In U.S. Pat. No. 4,572,864, incorporated herein by reference, there are described certain techniques for increasing the thermal storage capacity of various solid materials. The techniques involved placement of certain polyhydric alcohols into or in contact with solid materials such as metals, carbon, plastic, cellulose material, fibrous material, concrete, porous rock, gypsum, siliceous materials, etc. The techniques described in such patent include melting the phase-change alcohols and then adding the solid materials thereto or dipping the solid material into the molten phase-change material, dissolving the phase-change alcohols and impregnating solid porous materials with the solution and then drying, and pouring molten phase-change material into cavities in solid materials.

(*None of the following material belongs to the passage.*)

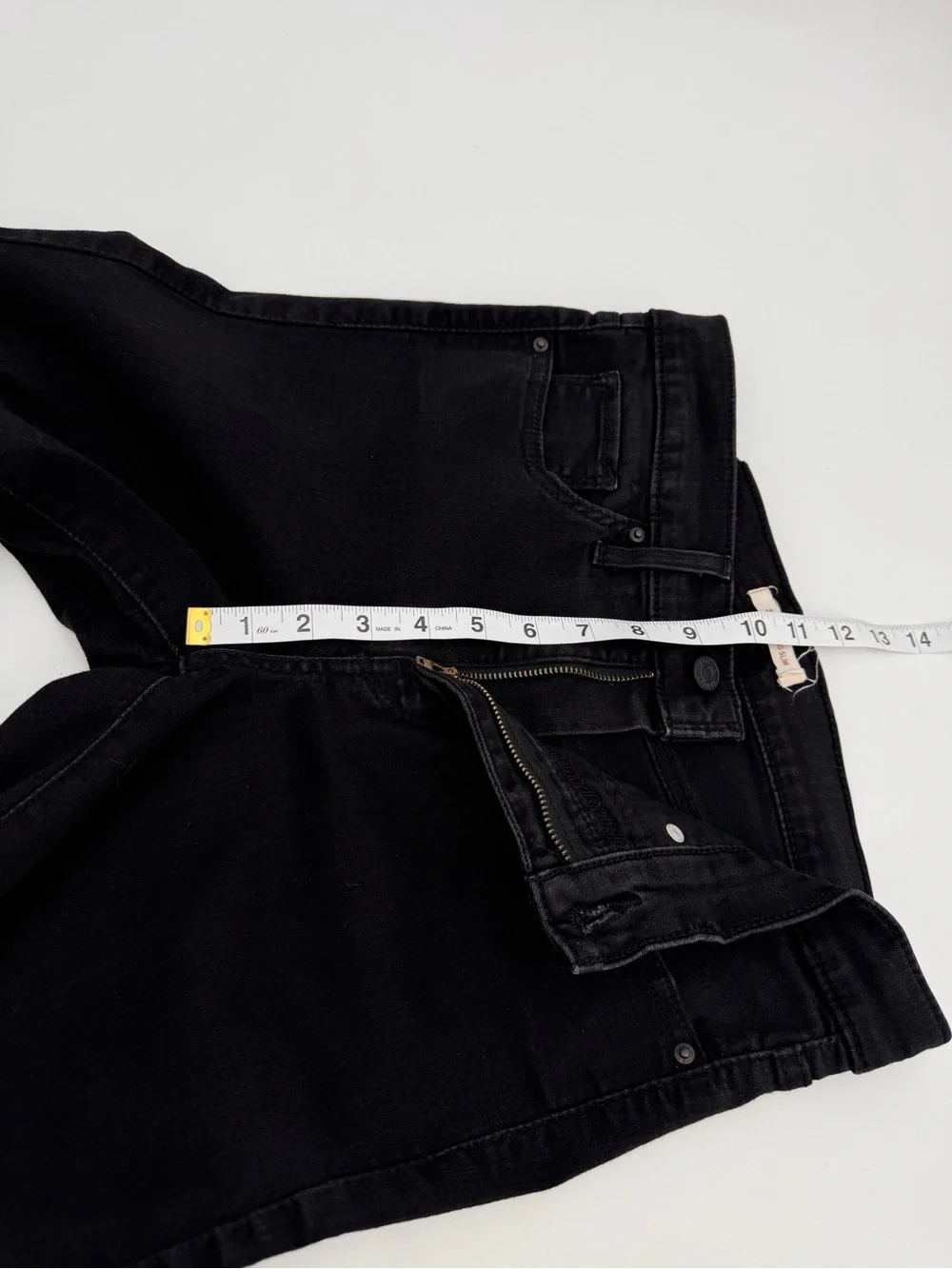 Levi’s Jeans Women’s 30 Black 312 Shaping Slim Tag 30x32 Stretch Denim Mid Rise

The practice of working with vats of molten phase-change compounds or materials presents safety hazards and pollution problems. The molten phase-change materials have high vapor pressures and are flammable. Also, the escape of the vapors and their condensation in the air and onto any unheated surfaces can produce potential inhalation and dust explosion problems in the plant.
Of course, much time and energy is required to heat a vat of phase-change material above its melting point and hold it there for the duration of a work day. Another disadvantage of the use of a vat of molten phase-change material is that separate vats are required for each different composition of phase-change material to be used on various porous materials.
Although addition of particles or pellets of solid (unmelted) phase-change material into the mix of raw ingredients used to make construction materials has been tried, this technique is very restrictive. The phase-change material can easily interfere with the processing of the construction material. Polyalcohols, for example, are water soluble and interfere with the hydration (setting) of concrete or gypsum. Certain other phase-change materials are also water soluble and would be expected to interfere with the processing of these construction materials. Some construction materials, such as wood products, are not readily adapted to the incorporation of particles or pellets of an additive.
The previous techniques require a dedicated production process. As a result, it is difficult or cumbersome to make changes to the process or to tailor the properties of the final impregnated material.
There has not heretofore been provided an efficient and safe technique for impregnating phase-change materials into porous materials (such as construction materials) having the advantages of the techniques of the present invention.